Eisenhower hated Senator McCarthy but felt constrained from counterattacks due to the nature of his party coalition at the time.
“A lot of people believe Eisenhower should have spoken out more publicly against McCarthy ... but he didn’t do that precisely because he was worried about holding together his party,” says Balogh.
A thin GOP margin of control
Now it’s President Trump’s turn to discover the challenges of trying to deal with the army of cats that is a modern US political party.
That hasn’t gone fabulously so far. True, Senate Republicans stood behind new Supreme Court justice Neil Gorsuch. But the attempt to repeal Obamacare was a disaster, as tea party conservatives and more moderate Republicans have entirely different visions of what a GOP replacement for the Affordable Care Act should look like.

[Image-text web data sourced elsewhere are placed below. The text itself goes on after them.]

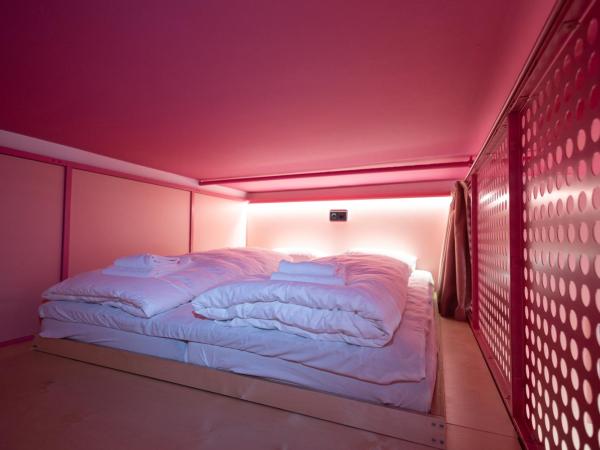 Bunks at Rode : photo 2 de la chambre bunk for two female (160 cm wide bed)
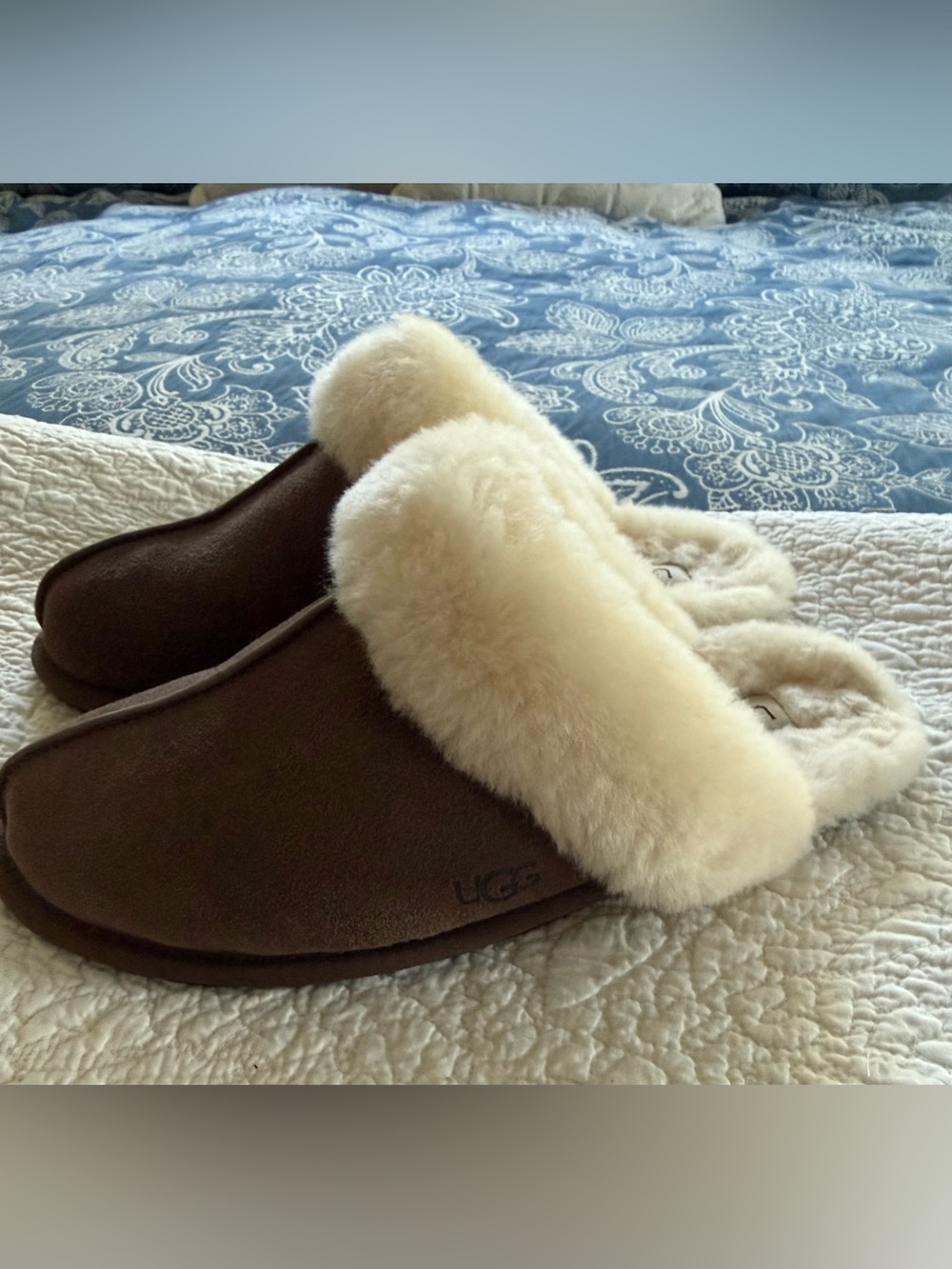 UGG Brown Suede Scuffette Slippers with Cream Sheepskin Collar Size 9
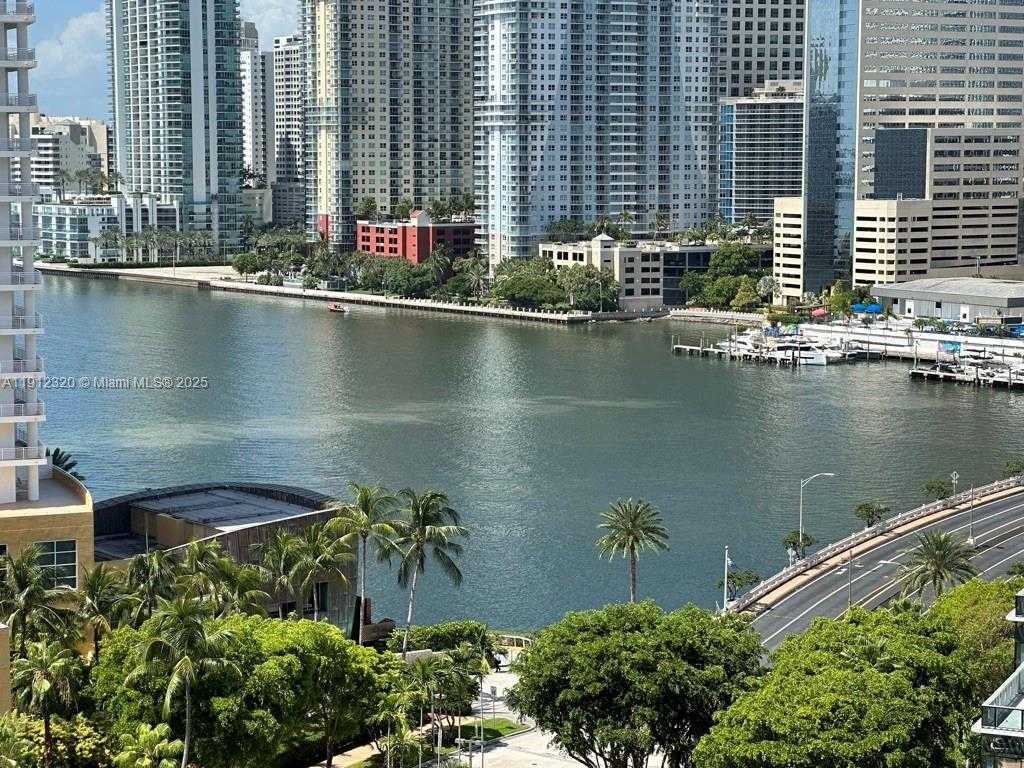 Small Image of 520 BRICKELL KEY DR #A1615, Miami Number 8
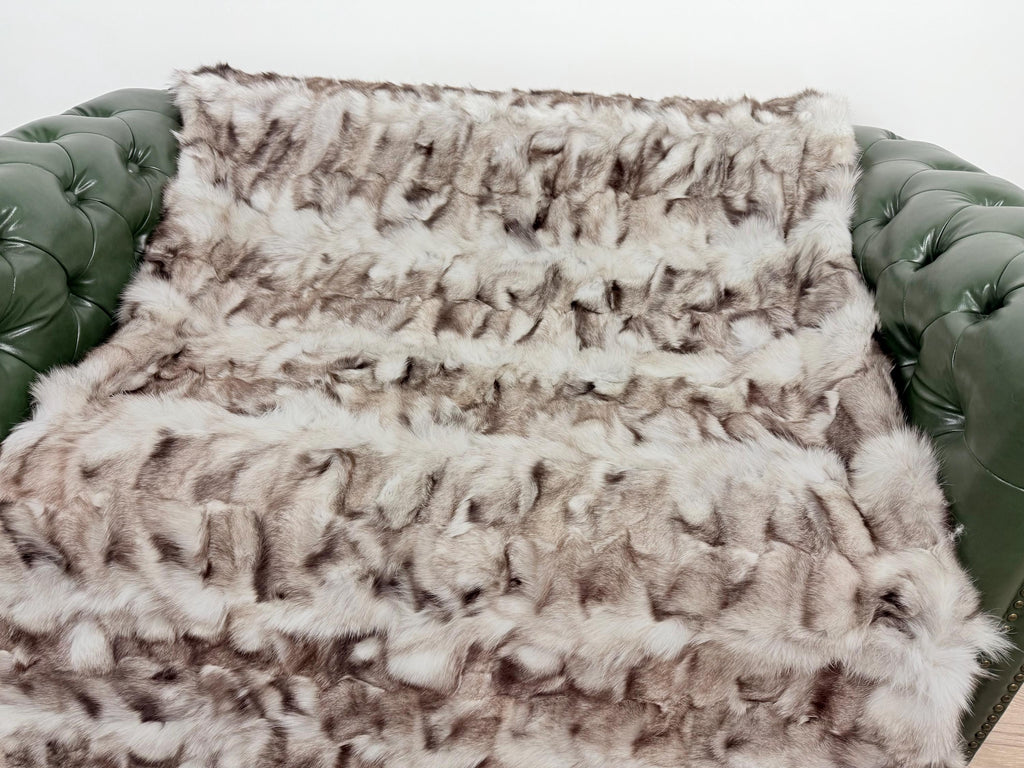 Luxury Frost Fox Fur Blanket: Handmade Fur Throw, Elegant Home Decor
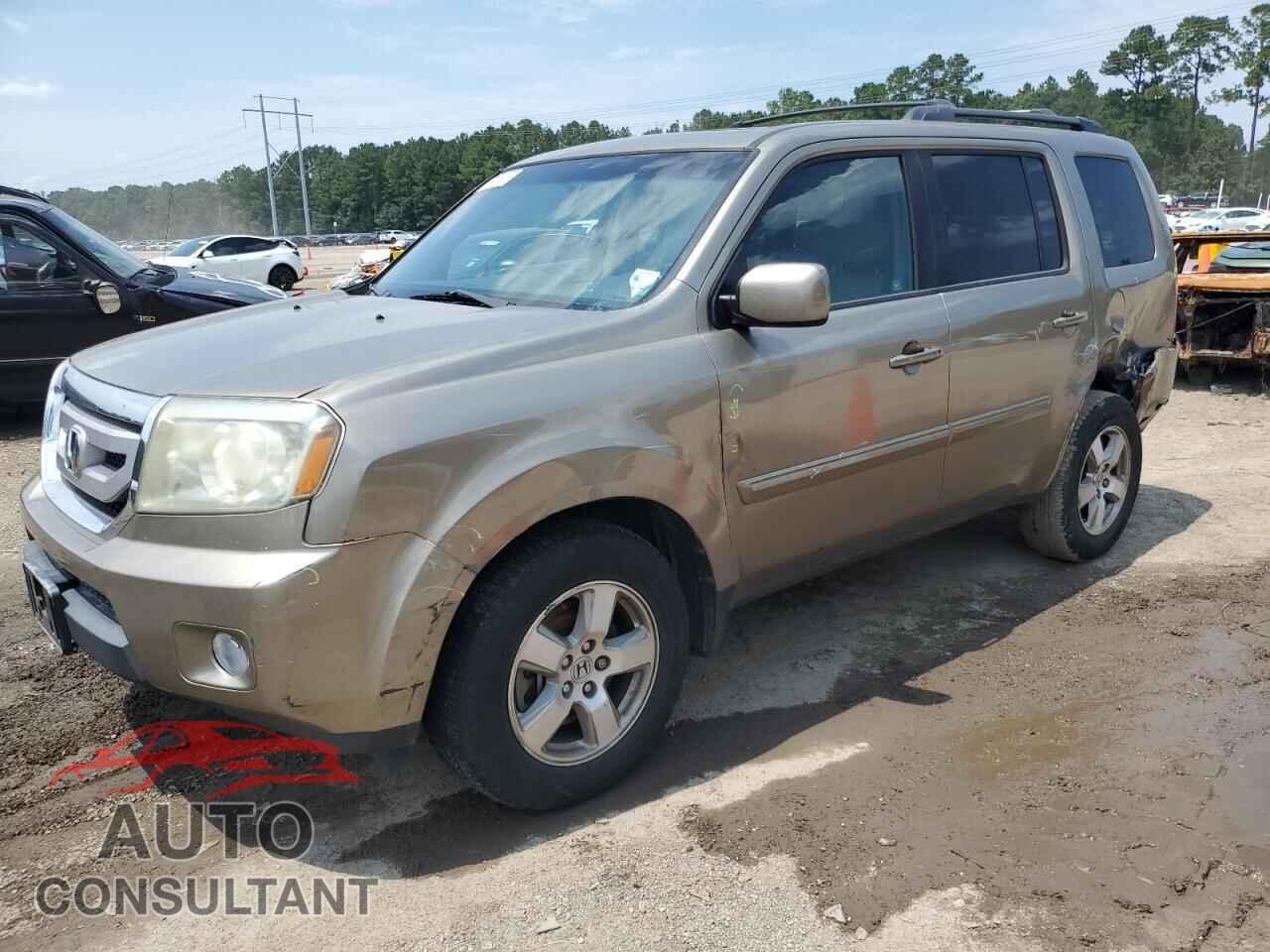 HONDA PILOT 2011 - 5FNYF3H50BB036150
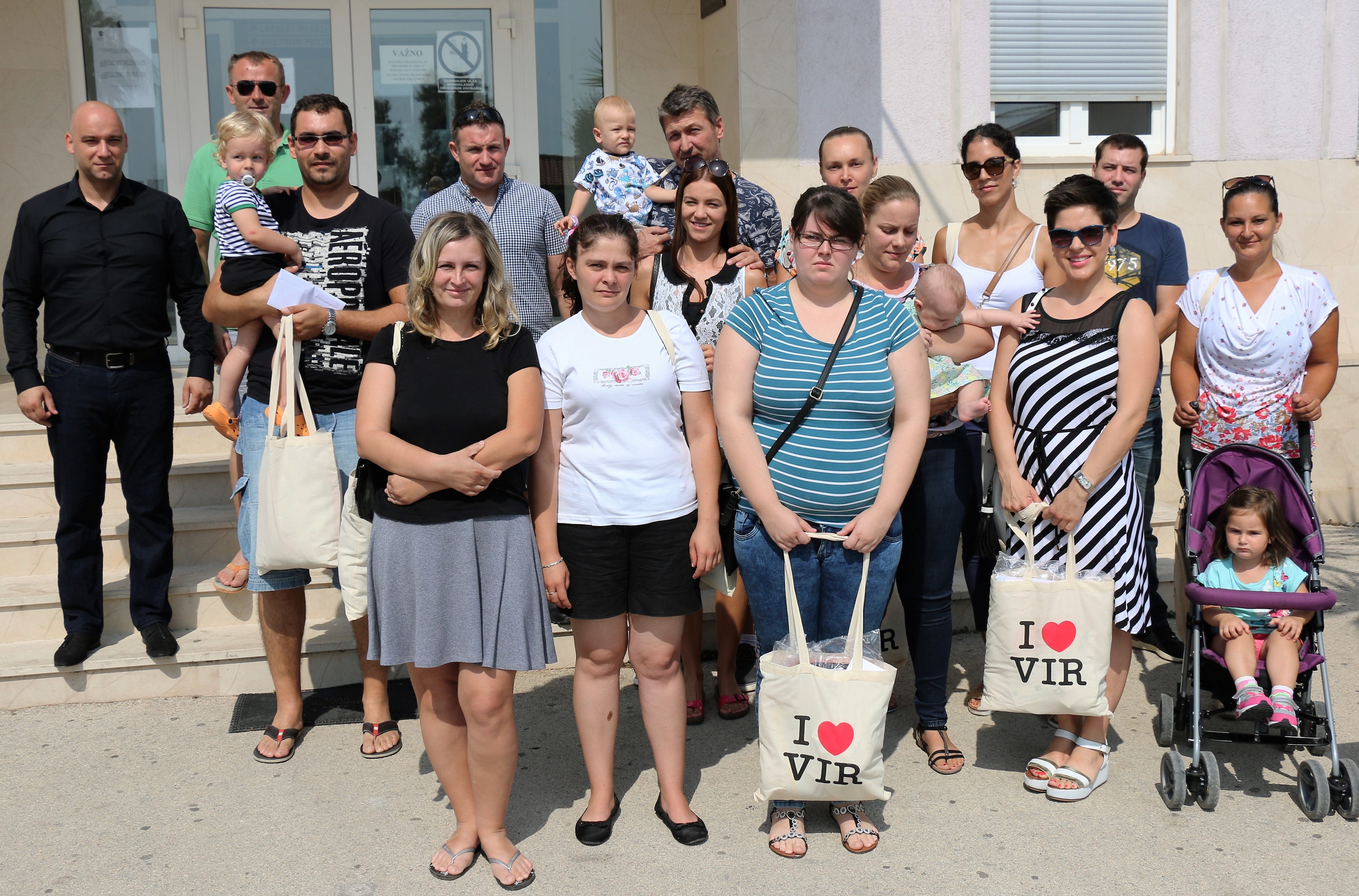 Vir: Dodjela potpore za opremu novorođenčadi Vir: Dodjela potpore za opremu novorođenčadi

Looking forward, Trump and GOP congressional leaders need to keep in mind that their majority is thin – maybe not paper-thin, but not much thicker than an L.L. Bean catalog.
With a 52 to 46 edge in the Senate (two senators are Independents), the GOP has little room to maneuver on big bills. It needs to attract eight Democrats and/or Independents to pass legislation subject to filibuster, a daunting prospect given current levels of partisan animosity.
Perhaps with the artificial 100-day deadline passed, pressure for quick action will abate. A slower approach might result in more party unity.
“You’ve got to build a coalition and get stuff that you can actually get enacted," says Sen. John Thune (R) of South Dakota, the third ranking member of the Senate GOP leadership, interviewed Monday on his way into a party event. "I think the lesson coming out of a lot of this is that we want to make sure we get it right; it’s better than getting it fast."